Bastien has racked up 43 criminal convictions. In the past 15 years, he has had only one day of freedom, being on probation, in jail or in a psychiatric hospital for his entire adult life. Every time he is released from custody, he commits a new crime, often within hours.

A mother was attacked in a downtown Windsor, ON parking lot on the first day of her new job March 29, 1999. She had finished working when Bastien knocked her to the ground and groped her through her underwear. She escaped only because she punched Bastien in the head. She did it because “You think you’re going to get raped. You’re going to die. All I could think was who’s going to take care of my children.”

On Oct. 10, 2000, in Toronto, on the very day he was released from custody for the parking garage attack, Bastien grabbed a woman on the street, put her in a headlock and tossed her into a concrete flowerpot. Minutes before the unprovoked attack, Bastien had been in a Business Depot store, groping female customers on the buttocks.
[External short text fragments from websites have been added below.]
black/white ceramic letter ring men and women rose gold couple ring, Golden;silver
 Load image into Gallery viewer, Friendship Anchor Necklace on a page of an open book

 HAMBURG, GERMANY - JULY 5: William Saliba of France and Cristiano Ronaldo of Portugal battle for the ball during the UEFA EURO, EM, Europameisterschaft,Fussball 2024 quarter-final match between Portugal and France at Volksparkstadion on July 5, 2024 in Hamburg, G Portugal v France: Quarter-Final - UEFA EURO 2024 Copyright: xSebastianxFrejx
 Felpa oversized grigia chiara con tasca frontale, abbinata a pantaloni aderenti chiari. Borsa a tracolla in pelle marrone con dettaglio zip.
Three weeks to the day of his release from Millbrook prison where he was in custody for the Toronto attack, Bastien was back in Windsor. He attacked three women in and around the same casino parking garage where he attacked his first victim two years earlier. He grabbed one woman’s breasts, simulated intercourse with a second woman and knocked a third to the ground, shoving his hands down her pants. He made himself out to be the victim, because the third woman bit his fingers when he forced them into her mouth.

Bastien was denied parole twice after bragging about his rape fantasies of pulling female guards through his prison cell. After he was released, he tried to grope a woman caseworker assigned to help him. May 5, 2006 marked the last day of freddom for Bastien, as he showed up, naked from the waist down in a teen girl's home. He followed her to her bedroom and beat her. She called 911, which recorded the attack, including the girl's screams.

“He has chosen to carry out increasingly violent offences against women. There is no other way to protect the public but a dangerous offender designation,” said Assistant Crown Attorney Gary Nikota.

The first parking lot victim, who still fears going alone to lots, said that “It breaks my heart that it happened over and over again. If they don’t keep him locked up, he’ll do this again and again, woman after woman.”